Here is the board... it has a long enough cable to be fished through the channel, but of course the pickups need to be loosened up to pass the wire through to the control cavity.

I was needing a string change so I thought this was a good time to do the install.


----------



## ajcoholic (Feb 5, 2006)

Here is what the thing looks like installed over the switch, before I put the cover/bezel on. The circuit board is VERY thin and very fragile, take it easy! Its amazing to think a tuner as good as the Boss TU2 is mounted onto this tiny thing


----------



## ajcoholic (Feb 5, 2006)

Here is the control cavity (a bit messy, but I did this this morning from 5:30am to 6:30 am - I couldnt sleep) wired in.

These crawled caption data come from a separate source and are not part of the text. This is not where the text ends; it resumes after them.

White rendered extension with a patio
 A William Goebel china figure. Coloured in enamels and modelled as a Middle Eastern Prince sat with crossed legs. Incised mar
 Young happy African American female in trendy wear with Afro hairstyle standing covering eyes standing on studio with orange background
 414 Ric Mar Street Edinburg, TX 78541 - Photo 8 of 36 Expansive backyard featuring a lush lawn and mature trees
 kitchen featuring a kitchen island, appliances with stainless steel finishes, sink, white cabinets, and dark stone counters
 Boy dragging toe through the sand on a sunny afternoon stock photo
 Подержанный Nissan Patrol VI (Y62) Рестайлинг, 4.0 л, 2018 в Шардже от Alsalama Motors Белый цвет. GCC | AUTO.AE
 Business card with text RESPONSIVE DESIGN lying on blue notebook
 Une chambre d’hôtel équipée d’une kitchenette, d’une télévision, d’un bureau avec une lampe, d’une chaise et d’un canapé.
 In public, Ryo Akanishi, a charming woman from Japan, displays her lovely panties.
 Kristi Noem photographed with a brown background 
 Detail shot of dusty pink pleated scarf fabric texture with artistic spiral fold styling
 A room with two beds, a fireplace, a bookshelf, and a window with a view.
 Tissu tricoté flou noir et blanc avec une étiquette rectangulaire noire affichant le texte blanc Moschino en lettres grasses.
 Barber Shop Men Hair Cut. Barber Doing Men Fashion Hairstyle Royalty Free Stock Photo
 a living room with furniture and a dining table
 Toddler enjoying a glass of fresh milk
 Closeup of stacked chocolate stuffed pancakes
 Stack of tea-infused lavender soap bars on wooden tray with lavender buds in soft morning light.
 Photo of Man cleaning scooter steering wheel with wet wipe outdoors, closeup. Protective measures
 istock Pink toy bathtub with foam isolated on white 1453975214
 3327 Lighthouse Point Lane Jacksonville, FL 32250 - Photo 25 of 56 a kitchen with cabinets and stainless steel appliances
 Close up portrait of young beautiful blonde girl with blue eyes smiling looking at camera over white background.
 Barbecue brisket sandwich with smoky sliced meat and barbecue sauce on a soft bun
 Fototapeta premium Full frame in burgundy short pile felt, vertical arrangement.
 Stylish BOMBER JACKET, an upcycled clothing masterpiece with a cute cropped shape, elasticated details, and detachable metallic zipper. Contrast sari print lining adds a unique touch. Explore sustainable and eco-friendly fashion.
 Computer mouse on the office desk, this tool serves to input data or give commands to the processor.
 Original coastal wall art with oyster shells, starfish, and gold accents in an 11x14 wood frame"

There is an optional wiring which I used, that totally mutes the sound while tuning, regardless of the pickup selector switch setting. On the standard wiring, you have to have the switch set to the bridge to mute while tuning.

The wiring is just slightly more difficult than installing a regular pot. You have to hook up a few wires to the switch and of course replace the wires on the pot's 3 tags. 

If you can wire in a regular push/pull pot, you shouldnt have any issue installing the tuner.


----------



## ajcoholic (Feb 5, 2006)

And thats pretty much it... here is the completed installed tuner, with the "E" string in tune. The tuner works as follows...

There are letters for the 6 strings, A,B, C, D, E, F &G. There are three symbols, "#" for sharp, a "b" for flat and a circle with a "+" on it for in tune. You strum the string, and if you are sharp or flat, the symbol lights up (as well as the note you are trying to tune to). As you get closer to being in tune, the light flashes faster and faster. When you are in tune, the green led lights up. The flat and sharp led's are red and the notes are all yellow. VERY easy to see and know whats going on even though its small.

Here is the E in tune...


----------



## ajcoholic (Feb 5, 2006)

And here is a shot of the A string out of tune flat, and sharp respectively...


















Thats about it. I really like these things... and I bet I will use a lot more of them in the future. Very convenient and tunes as good as the Boss pedal tuner on my board. But when I am just jamming, or playing and dont have the board out, its nice to be able to quickly tune my favourite guitars.

AJC


----------



## megadan (Feb 5, 2006)

Very cool! I've never seen something like that before but it's a really good idea. Very innovative. How does it work? I'm assume the pickup selector works as normal, and there's a push/pull pot to switch it into tuner mode?


----------



## ajcoholic (Feb 5, 2006)

Yes, you replace one volume pot with a push-pull one. Down is off and true bypass. Up is tuner on, and muted signal.

AJC


----------